◆ Working data ◆
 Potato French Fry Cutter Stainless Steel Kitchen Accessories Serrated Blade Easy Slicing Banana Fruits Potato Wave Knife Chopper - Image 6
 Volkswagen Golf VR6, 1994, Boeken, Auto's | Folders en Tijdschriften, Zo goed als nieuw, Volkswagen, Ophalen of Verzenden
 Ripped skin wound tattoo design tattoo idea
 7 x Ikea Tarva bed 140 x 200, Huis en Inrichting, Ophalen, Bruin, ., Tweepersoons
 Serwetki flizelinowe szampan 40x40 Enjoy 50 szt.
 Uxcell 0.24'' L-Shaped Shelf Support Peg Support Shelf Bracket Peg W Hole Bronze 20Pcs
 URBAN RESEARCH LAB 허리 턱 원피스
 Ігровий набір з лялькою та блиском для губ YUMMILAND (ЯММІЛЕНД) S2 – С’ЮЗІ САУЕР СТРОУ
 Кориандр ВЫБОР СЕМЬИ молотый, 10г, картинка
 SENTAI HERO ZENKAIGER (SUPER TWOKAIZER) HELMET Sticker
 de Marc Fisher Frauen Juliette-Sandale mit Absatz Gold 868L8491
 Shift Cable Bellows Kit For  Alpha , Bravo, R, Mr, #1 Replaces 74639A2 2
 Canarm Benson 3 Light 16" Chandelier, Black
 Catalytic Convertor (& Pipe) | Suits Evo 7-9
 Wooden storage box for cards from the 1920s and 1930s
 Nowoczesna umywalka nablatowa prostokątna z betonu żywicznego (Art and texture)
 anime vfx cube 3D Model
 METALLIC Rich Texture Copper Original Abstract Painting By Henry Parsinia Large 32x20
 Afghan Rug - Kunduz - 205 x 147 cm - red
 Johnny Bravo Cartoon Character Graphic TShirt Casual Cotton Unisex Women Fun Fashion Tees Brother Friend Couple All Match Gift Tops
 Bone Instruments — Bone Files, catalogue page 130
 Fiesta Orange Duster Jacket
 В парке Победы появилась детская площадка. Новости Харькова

◆ Task ◆
Every entry should be printed again exactly as it stands.

◆ Result ◆
 Potato French Fry Cutter Stainless Steel Kitchen Accessories Serrated Blade Easy Slicing Banana Fruits Potato Wave Knife Chopper - Image 6
 Volkswagen Golf VR6, 1994, Boeken, Auto's | Folders en Tijdschriften, Zo goed als nieuw, Volkswagen, Ophalen of Verzenden
 Ripped skin wound tattoo design tattoo idea
 7 x Ikea Tarva bed 140 x 200, Huis en Inrichting, Ophalen, Bruin, ., Tweepersoons
 Serwetki flizelinowe szampan 40x40 Enjoy 50 szt.
 Uxcell 0.24'' L-Shaped Shelf Support Peg Support Shelf Bracket Peg W Hole Bronze 20Pcs
 URBAN RESEARCH LAB 허리 턱 원피스
 Ігровий набір з лялькою та блиском для губ YUMMILAND (ЯММІЛЕНД) S2 – С’ЮЗІ САУЕР СТРОУ
 Кориандр ВЫБОР СЕМЬИ молотый, 10г, картинка
 SENTAI HERO ZENKAIGER (SUPER TWOKAIZER) HELMET Sticker
 de Marc Fisher Frauen Juliette-Sandale mit Absatz Gold 868L8491
 Shift Cable Bellows Kit For  Alpha , Bravo, R, Mr, #1 Replaces 74639A2 2
 Canarm Benson 3 Light 16" Chandelier, Black
 Catalytic Convertor (& Pipe) | Suits Evo 7-9
 Wooden storage box for cards from the 1920s and 1930s
 Nowoczesna umywalka nablatowa prostokątna z betonu żywicznego (Art and texture)
 anime vfx cube 3D Model
 METALLIC Rich Texture Copper Original Abstract Painting By Henry Parsinia Large 32x20
 Afghan Rug - Kunduz - 205 x 147 cm - red
 Johnny Bravo Cartoon Character Graphic TShirt Casual Cotton Unisex Women Fun Fashion Tees Brother Friend Couple All Match Gift Tops
 Bone Instruments — Bone Files, catalogue page 130
 Fiesta Orange Duster Jacket
 В парке Победы появилась детская площадка. Новости Харькова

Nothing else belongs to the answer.